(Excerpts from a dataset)
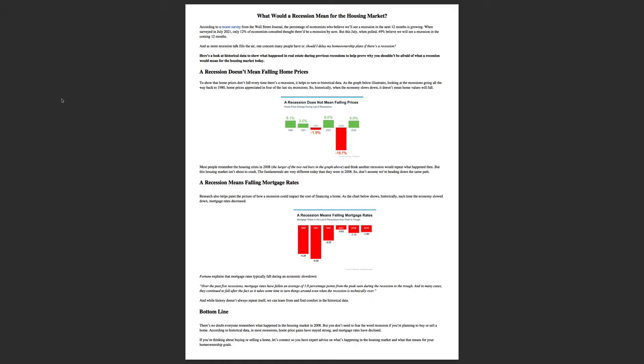As far as mortgage rates falling, you can always reach out to Kevin Green and ask him what the rates are. But what you'll see is there's typically a fall of mortgage rates during an economic slowdown.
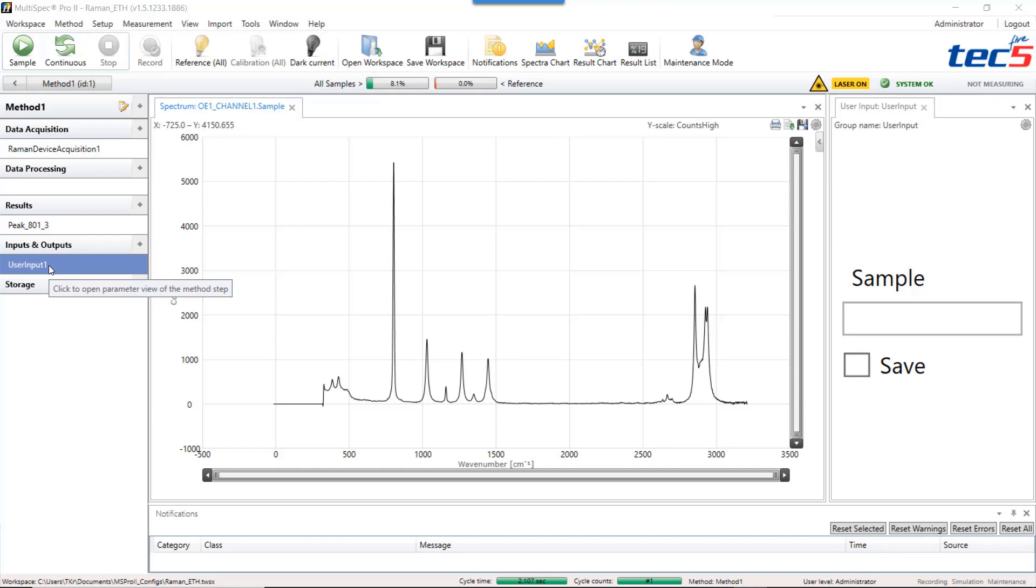Multispec generates spectra and results with every measurement cycle. You can store both in the storage section of the method.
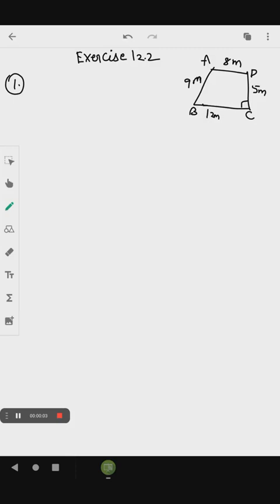Exercise 12.2, first question. You mark a path in the shape of a quadrilateral ABCD where angle C equals 90 degrees.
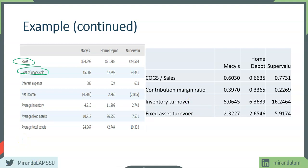We'll conclude this video here. In the next video, we're going to continue discussing another profitability measure that is very important — and that is return on equity. See you soon.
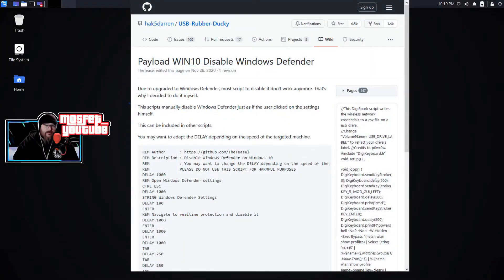Hi, my name is Randall Chapman and the payload I chose to review is the disable Windows Defender in Windows 10.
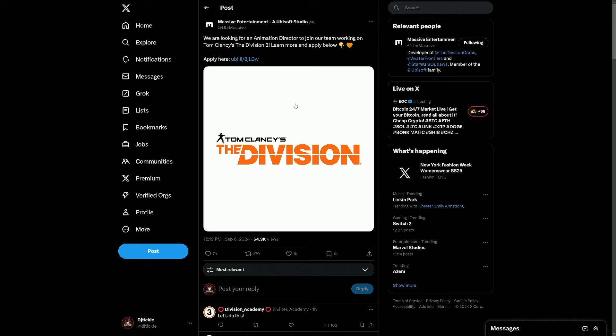Let me know what your thoughts are on that down below. For me, I'm a massive Division fan, you all know this. I played since Division beta years and years ago from the very first game. I'm definitely going to be jumping in day one, beta, whenever I can get my hands on it.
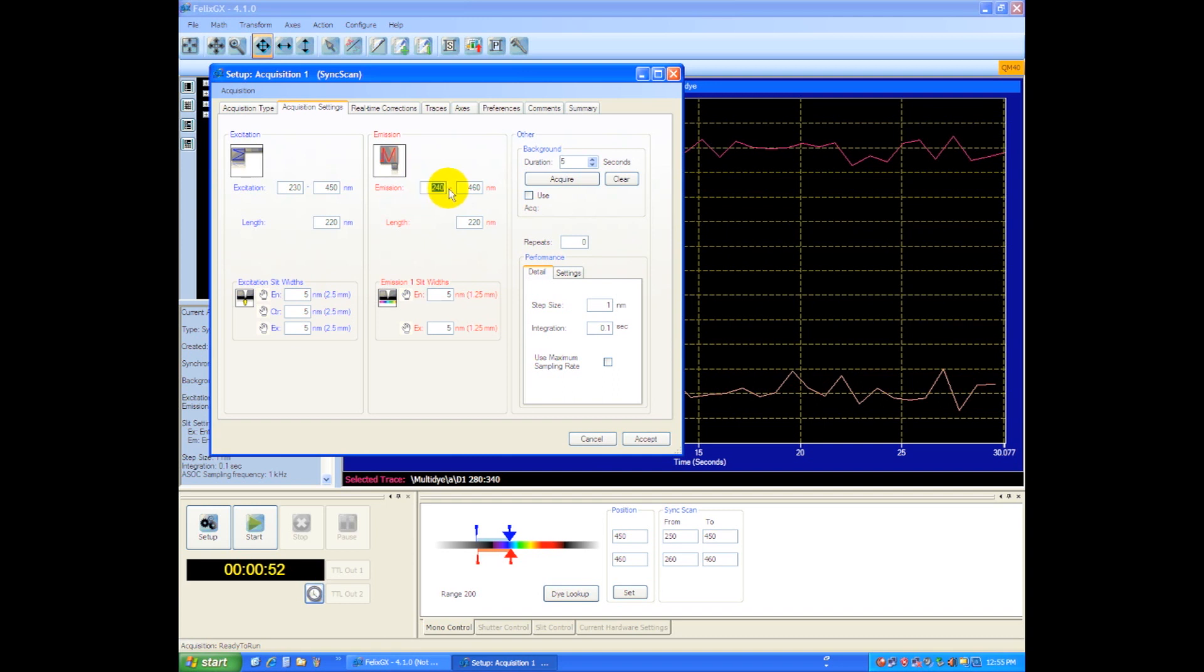Let's go say 250 and we'll scan to 470. That gives us the total length of 220 nanometers for each scan.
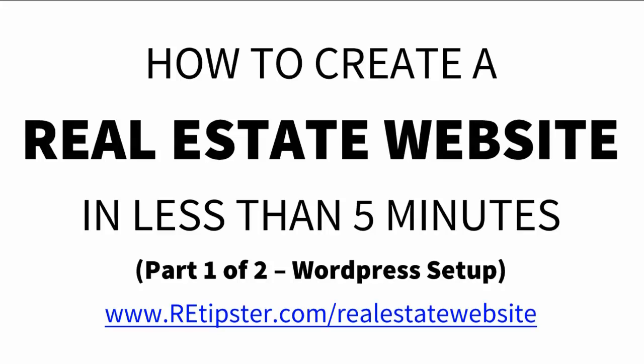The good news is it's actually not that difficult to create a website. This video is part one and I'm going to show you how in less than five minutes you can have your website online and ready to go.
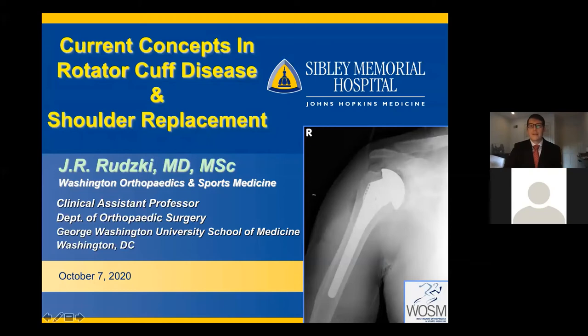Good evening. I'm Dr. J.R. Rudsky. Thank you for joining us tonight. I'd also like to thank Kathy Pulford and Sibley for all their hard work to make this interaction possible. It's been a very challenging and unusual year for all of us, but the fact that we can get together in this format and still discuss shoulder problems and treatment options is something we're very fortunate for. I'm an orthopedic surgeon at Sibley — this is my 15th year — and I specialize in shoulder surgery and sports medicine.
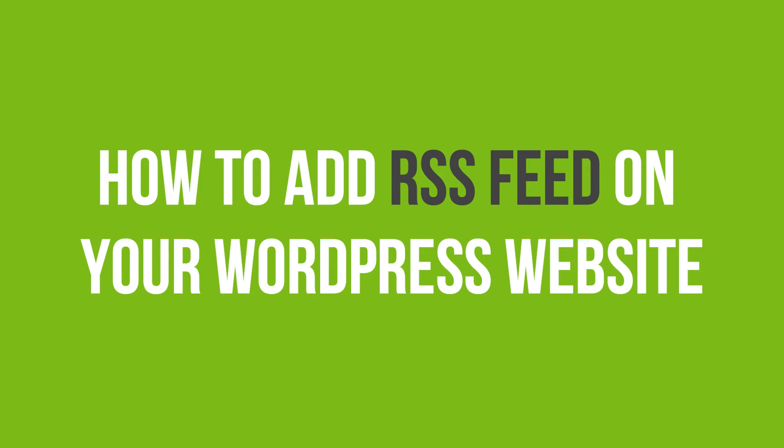In this video tutorial, you'll learn how to add RSS feed on your WordPress website.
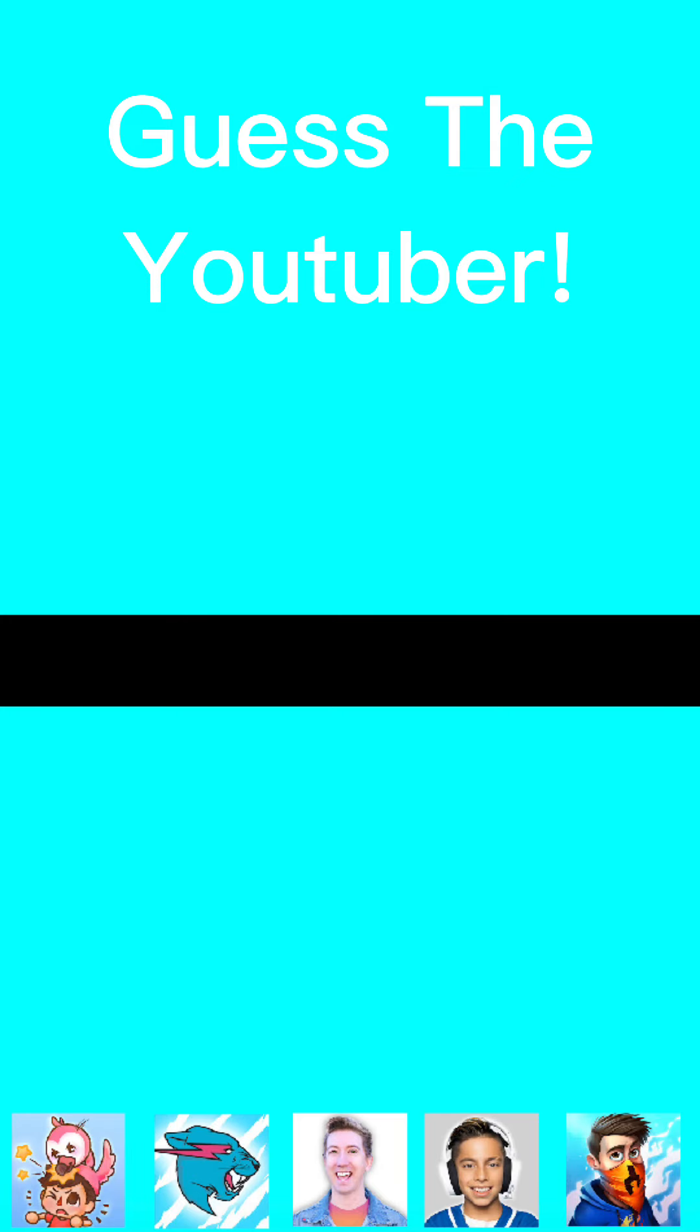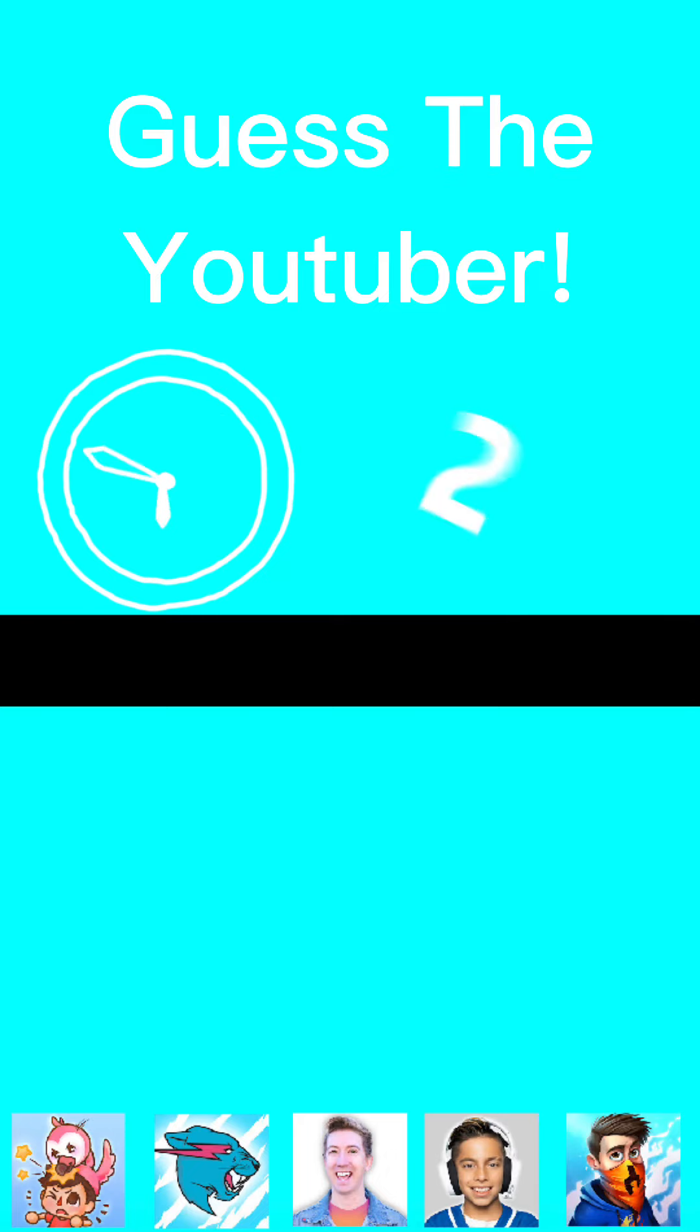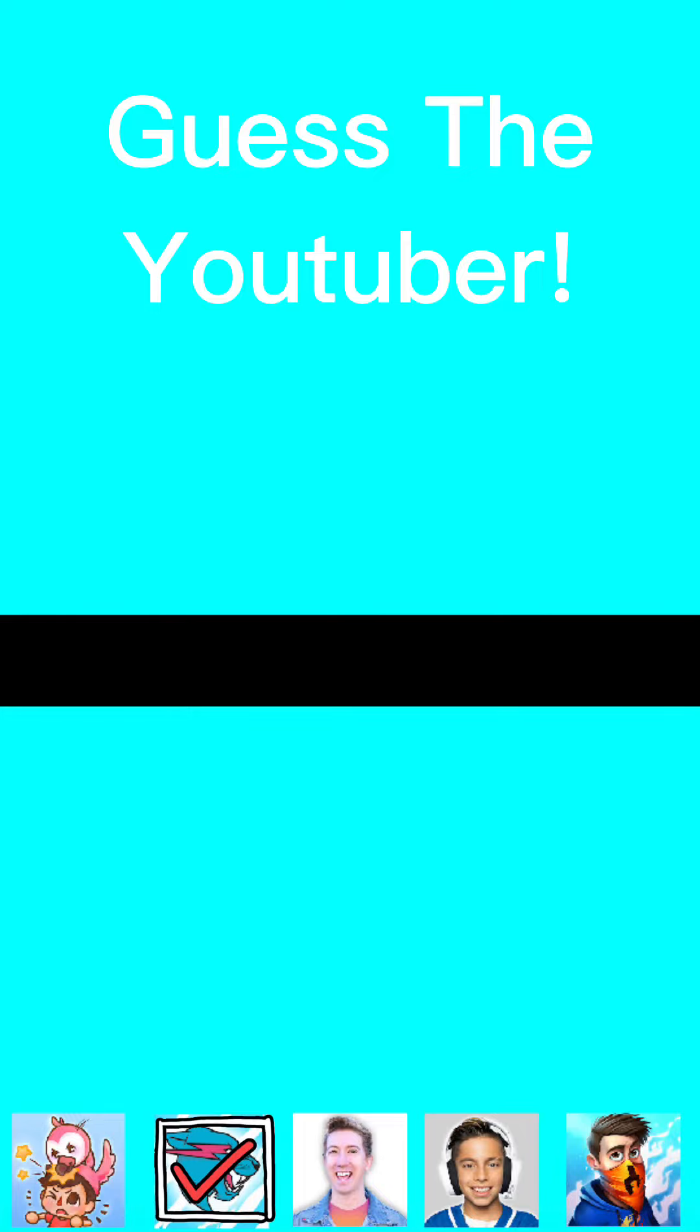Behind me is an assassin, and if he stabs me with this rubber knife by the end of the... If you guessed Mr. Beast, you are correct.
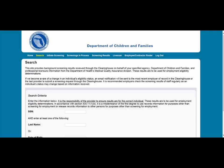Hello. The purpose of this instruction is to demonstrate how to initiate a new screening in the Clearinghouse Results website.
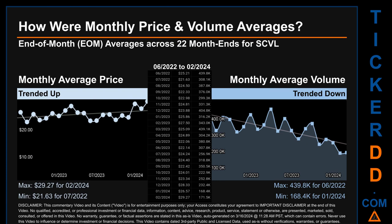Hello, my name is Claire. How were price and volume averages for SCVL across 447 trading days? There were a total of 22 month ends, for which monthly averages for daily price and volume were calculated. Overall, monthly price average trended up while monthly volume average trended down. The maximum end-of-month average price was $29.27 for February 2024, while the minimum was $21.63 for July 2022. For volume, June 2022 and January 2024 respectively saw the highest and lowest monthly average volume at 439.8 thousand and 168.4 thousand.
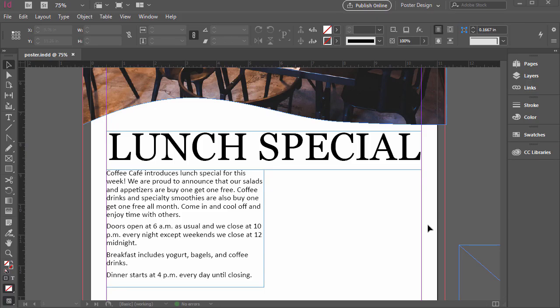Welcome back. In this lesson, we're going to be learning how to place images and special considerations when we're placing various types of images. Go ahead and open up poster.indd if you don't have that open already.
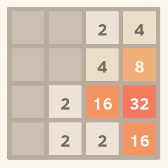2048 is played on a grey 4×4 grid, with numbered tiles that slide smoothly when a player moves them using the four arrow keys. Every turn, a new tile will randomly appear in an empty spot on the board with a value of either 2 or 4. Tiles slide as far as possible in the chosen direction until they are stopped by either another tile or the edge of the grid.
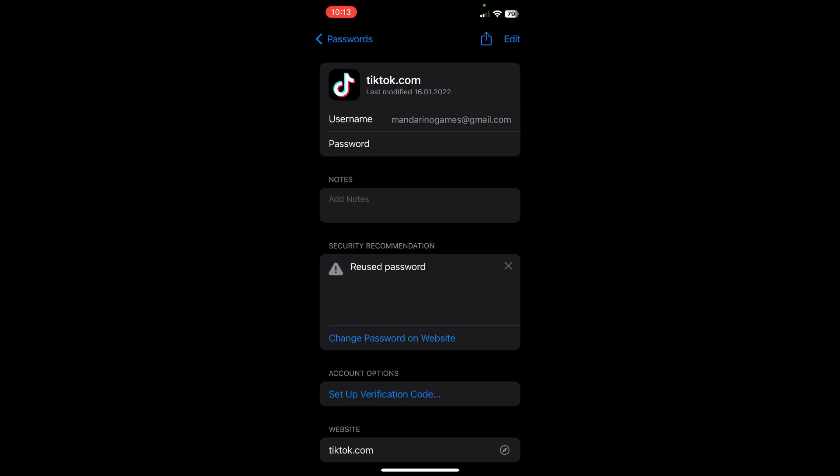Simply tap on your password and it should be revealed to you, and you can use it, copy it, whatever you want to do.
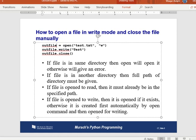If your file is in the same directory, it opens directly; otherwise, you get an error. For write mode, if the file doesn't exist it is created automatically. For read mode, the file must exist at the specified path.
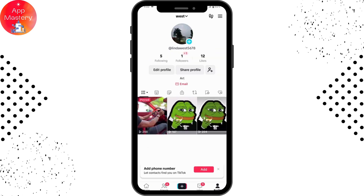And that's it — that's how you change your photo or video on TikTok. If you have any questions feel free to comment below. Thanks for watching!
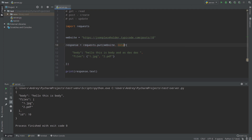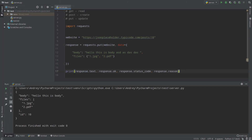So to summarize: GET reads information, POST creates information and you can use 'json' or 'data' parameters, and PUT updates information — it replaces the whole entity. Thank you and good luck.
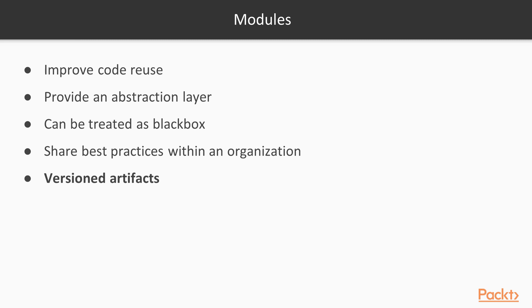And another feature of modules is that they can be versioned, which means we can treat them as immutable artifacts and promote from one environment to the other.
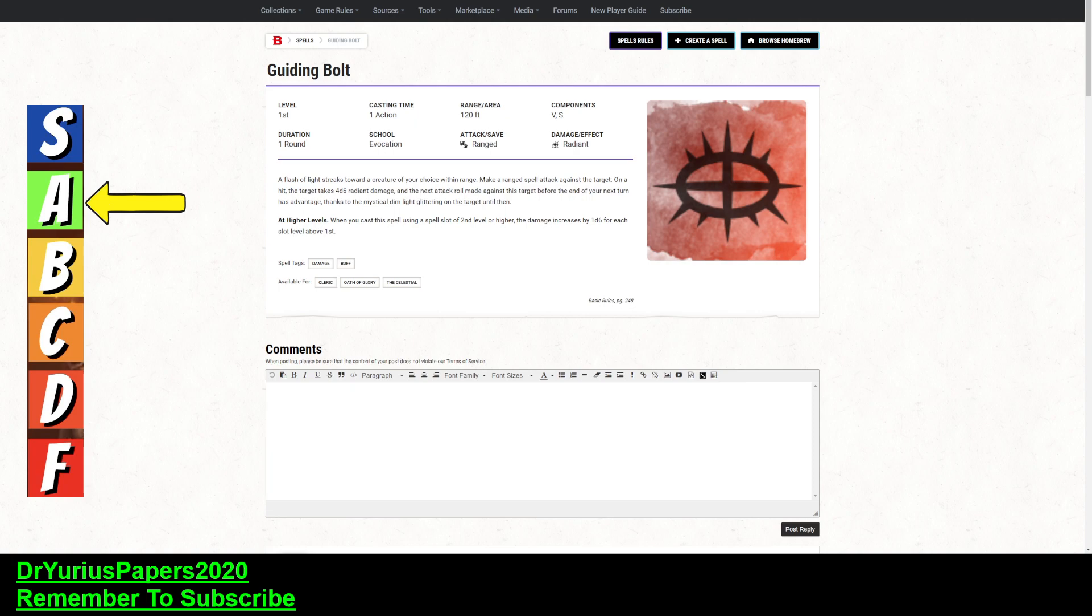Guiding Bolt can be used by Clerics, Oath of Glory Paladins, and the Celestial Warlock, or through some feats that you can get. It is an Evocation spell. It's a first level spell.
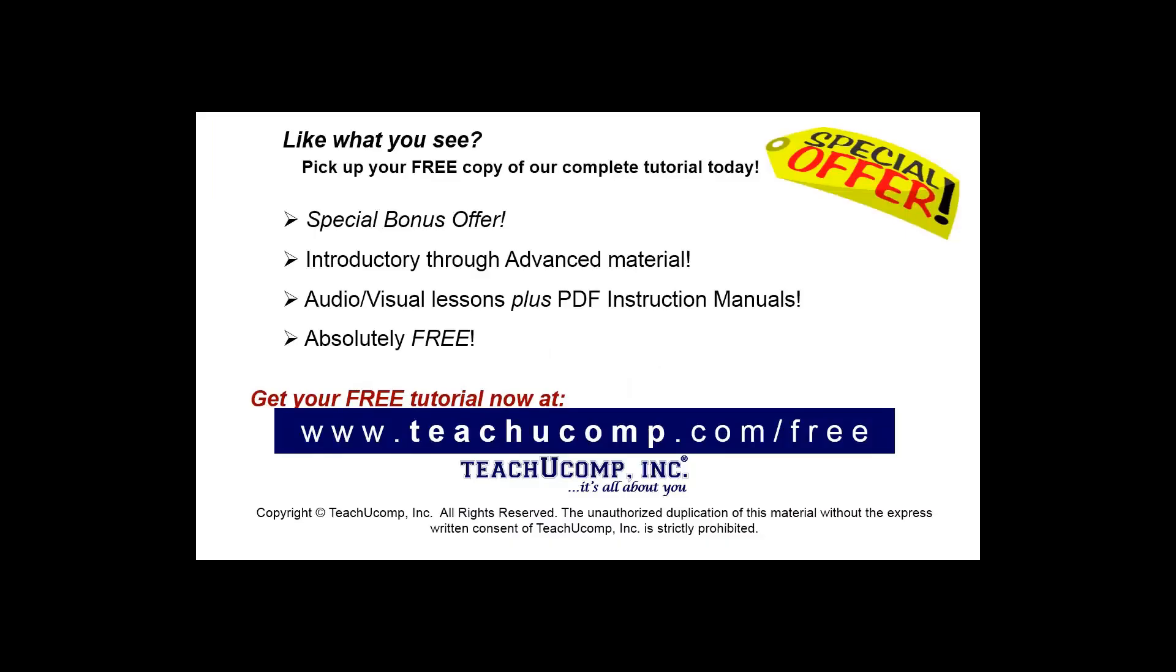Like what you see? Pick up your free copy of the complete tutorial at www.teachucomp.com/free.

Prompt - From the records above, copy exactly the lines starting at the one with "Good evening. I'm" and ending at the one with "Hello, my name", and no others. Pictures stay out.

Result below -
Good evening. I'm Dr. J.R. Rudsky. Thank you for joining us tonight. I'd also like to thank Kathy Pulford and Sibley for all their hard work to make this interaction possible. It's been a very challenging and unusual year for all of us, but the fact that we can get together in this format and still discuss shoulder problems and treatment options is something we're very fortunate for. I'm an orthopedic surgeon at Sibley — this is my 15th year — and I specialize in shoulder surgery and sports medicine.
In this video tutorial, you'll learn how to add RSS feed on your WordPress website.
Behind me is an assassin, and if he stabs me with this rubber knife by the end of the... If you guessed Mr. Beast, you are correct.
Hello. The purpose of this instruction is to demonstrate how to initiate a new screening in the Clearinghouse Results website.
Hello, my name is Claire. How were price and volume averages for SCVL across 447 trading days? There were a total of 22 month ends, for which monthly averages for daily price and volume were calculated. Overall, monthly price average trended up while monthly volume average trended down. The maximum end-of-month average price was $29.27 for February 2024, while the minimum was $21.63 for July 2022. For volume, June 2022 and January 2024 respectively saw the highest and lowest monthly average volume at 439.8 thousand and 168.4 thousand.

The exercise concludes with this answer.